Exercise details
When you transcribe the listing, keep each line exact and drop the pictures.

Supplied data
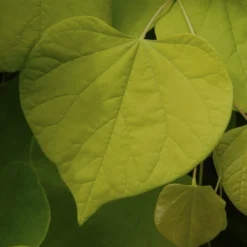 Groen Ziel Verkoop -Groen Ziel Verkoop cercis canadensis01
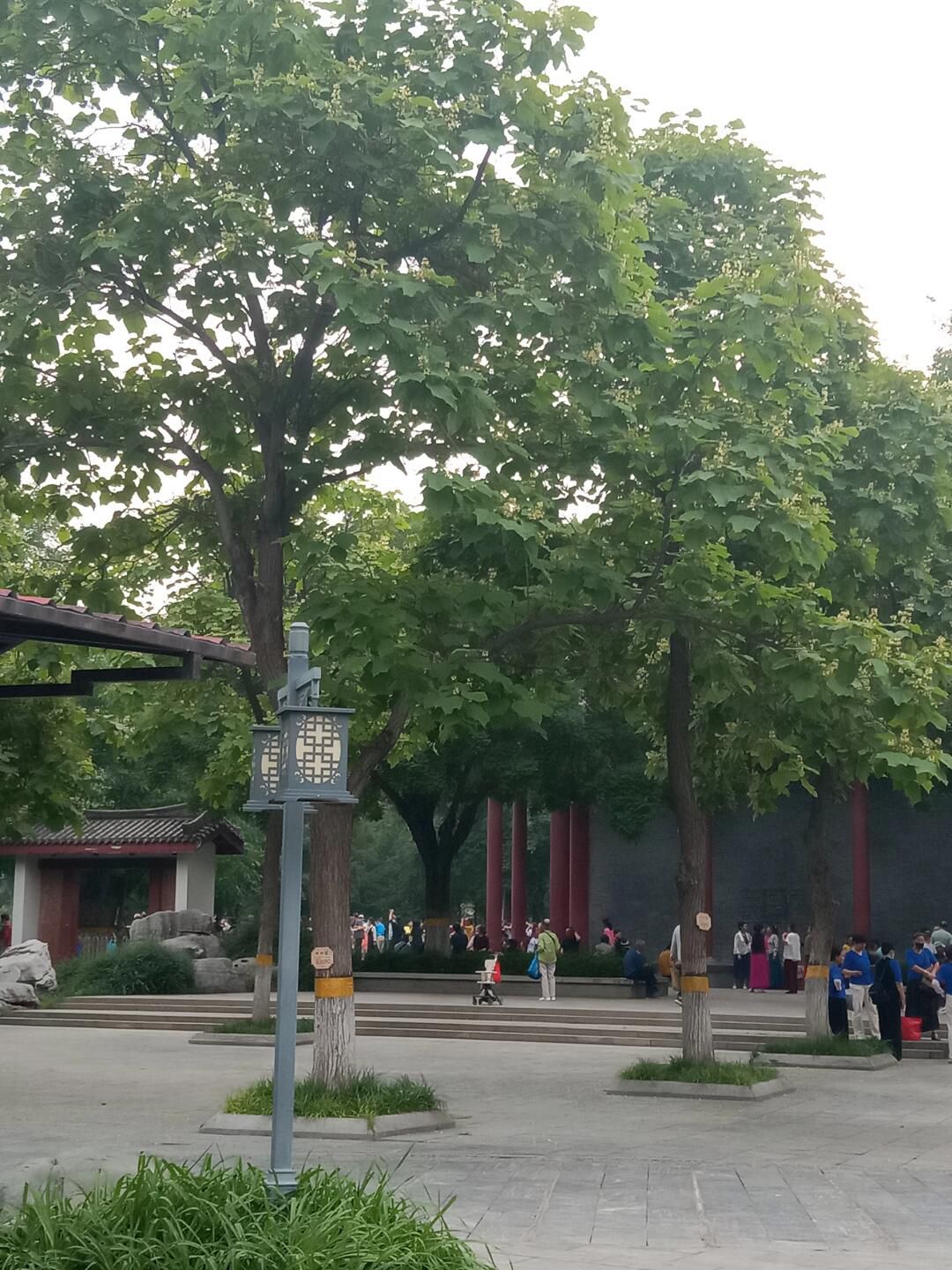 石家庄市赵佗公园旅行图片 1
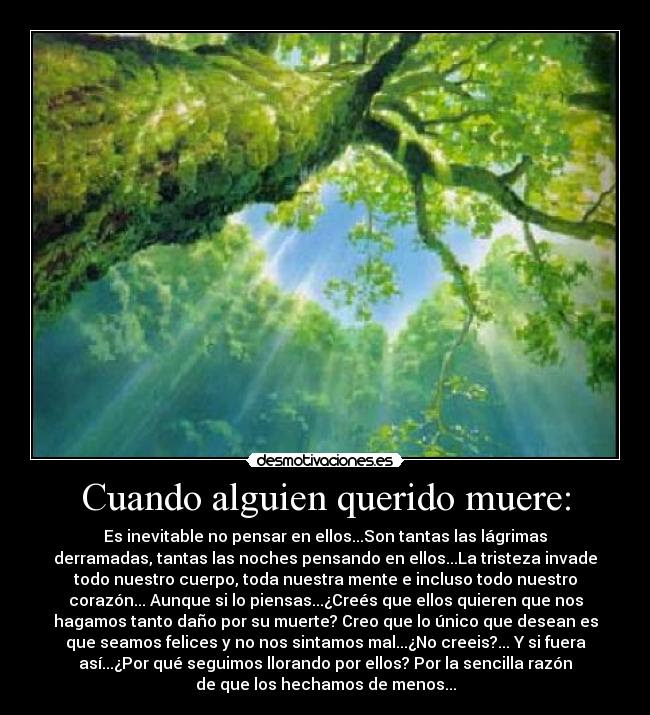 Cuando alguien muere Imagui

The answer
 Groen Ziel Verkoop -Groen Ziel Verkoop cercis canadensis01
 石家庄市赵佗公园旅行图片 1
 Cuando alguien muere Imagui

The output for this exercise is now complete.